From the first line to the last, output the material exactly.

- **DATA SECTION**
------

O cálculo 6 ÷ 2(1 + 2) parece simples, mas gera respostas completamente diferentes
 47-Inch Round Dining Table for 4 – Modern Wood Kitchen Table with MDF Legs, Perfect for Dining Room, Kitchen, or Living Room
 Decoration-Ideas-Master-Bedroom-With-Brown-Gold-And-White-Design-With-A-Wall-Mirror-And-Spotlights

------

- **REPLY**
O cálculo 6 ÷ 2(1 + 2) parece simples, mas gera respostas completamente diferentes
 47-Inch Round Dining Table for 4 – Modern Wood Kitchen Table with MDF Legs, Perfect for Dining Room, Kitchen, or Living Room
 Decoration-Ideas-Master-Bedroom-With-Brown-Gold-And-White-Design-With-A-Wall-Mirror-And-Spotlights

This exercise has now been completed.